1. In the velocity diagrams for Francis turbine, which of the following velocity directions is along the blade curvature?
a) Vr1
b) Vw1
c) V1
d) u1
Explanation: Vr1 is the relative velocity of the water flow as seen from the blade. Thus, relative velocity is along the direction of the curvature of the blade.
2. Francis turbine is typically used for which of the following values of available heads?
a) 300 m
b) 100 m
c) 30 m
d) 5 m
Explanation: Francis Turbine is a medium head turbine, typically used for heads in the range 60 m to 240 m. Hence, only 100 m from the above options fit in that range.
3. Water flow velocity is given 10 m/s. The runner diameter is 3 m and the width of the wheel is 25 cm. Find the mass of water (kg) flowing across the runner per second.
a) 7500π
b) 50π
c) 300π
d) RPM of the turbine needs to be given
Explanation: Area of the flow (A) = πDB = 0.75π m2. Mass flow rate = ρ.A.Vf = 1000*0.75π*10 = 7500π kg/s.
4. Work done per second by a Francis turbine can be given by ρAVf (Vw1u1 + Vw2u2).
a) True
b) False
Explanation: The work done per second is given by ρAVf (Vw1u1 – Vw2u2).
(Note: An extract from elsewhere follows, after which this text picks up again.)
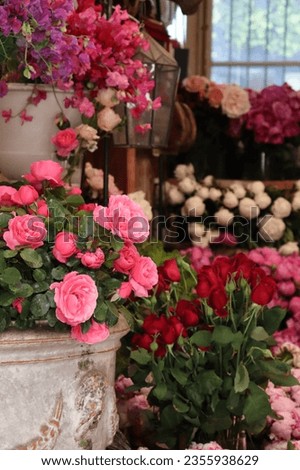 Beautiful and colourful summer flowers in an antique flower shop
Hence, the outlet term is subtracted from the inlet term and not added to it.
5. Which of the following terms is considered to be zero while deriving the equation for work done per second for Francis Turbine?
a) Vr1
b) Vw2
c) Vf2
d) Vr2
Explanation: Since the flow out of the runner of the Francis turbine is axial in nature, the whirl velocity at outlet is zero. Hence, Vw2 is ignored in the derivation of work done for Francis Turbine.
6. Power developed by Francis turbine are calculated for a certain set of conditions. Now, the inlet whirl velocity is doubled, the blade velocity at inlet is doubled and the flow velocity is quartered. The power developed:
a) Is 4 times the original value
b) Is 2 times the original value
c) Is ½ times the original value
d) Is same as the original value
Explanation: The power developed by a Francis Turbine is given by P = ρAV (Vw1.u1). Hence, if inlet whirl velocity is doubled, the blade velocity at inlet is doubled and the flow velocity is quartered, then the power developed will remain the same as its original value.
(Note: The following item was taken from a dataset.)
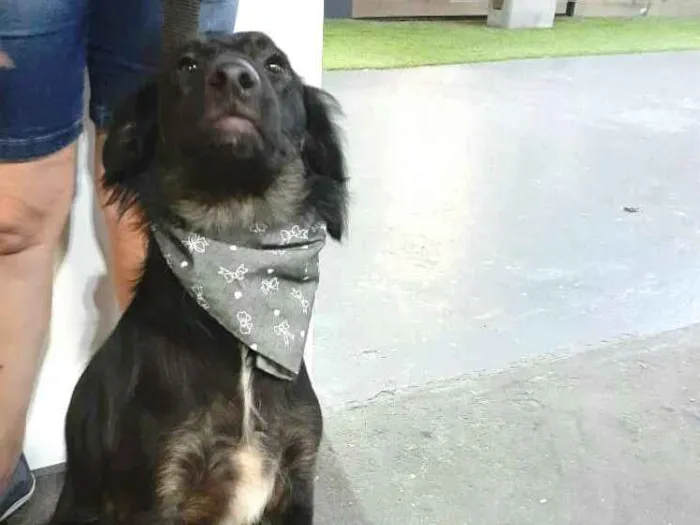 Cachorro ra a  idade 1 ano nome Frederico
7. Volume flow rate of water in a Francis turbine runner is 25 m3/s. The flow velocity, whirl velocity and blade velocity are 11 m/s, 10 m/s and 5 m/s respectively, all values given at runner inlet. Find the power developed by the turbine.
a) 25 kW
b) 1.25 MW
c) 1.25 kW
d) 25 MW
Explanation: P = ρQ (Vw1.u1) = 1000*25*10*5 = 1.25 MW.
8. The flow rate of the water flow in a Francis turbine is increased by 50% keeping all the other parameters same. The work done by the turbine changes by?
a) 50% increase
b) 25% increase
c) 100% increase
d) 150% increase
Explanation: The Power developed in a Francis turbine directly depends on the flow rate of water. If flow rate is increased by 50%, i.e. made 1.5 times the original value, then the power developed becomes 1.5 times its original value too. Hence, a 50% increase.
9. A student performs an experiment with a Francis turbine. He accidently set the RPM of Francis turbine to 1400 rpm instead of 700 rpm. He reported the power to be 1 MW. His teacher asks him to perform the same experiment using the correct RPM. The student performs the same experiment again, but this time the erroneously doubled the flow velocity. What does the student report the power to be?
a) 0.5 MW
b) 0.25 MW
c) 2 MW
d) 1 MW
Explanation: The Power developed by the turbine varies directly with both flow velocity as well as the blade velocity (which in turn varies directly with RPM). So, if all parameters were correct, the reported value should be 0.5 MW. But, flow velocity is again doubled, so the student again reports 1 MW
10. Velocity of whirl at the runner inlet is given to be 10 m/s and blade velocity to be 5 m/s. The volume flow rate of water in Francis turbine is given to be 25 m3/s. Find the power generated by the turbine?
a) 1700 HP
b) 800 HP
c) 3400 HP
d) 1000 HP
Explanation: P = ρQ (Vw1.u1) = 1.25 MW. It is important to know the 1 HP = 736 W. Hence, the answer is 1.25 MW/ 736 = 1700 HP.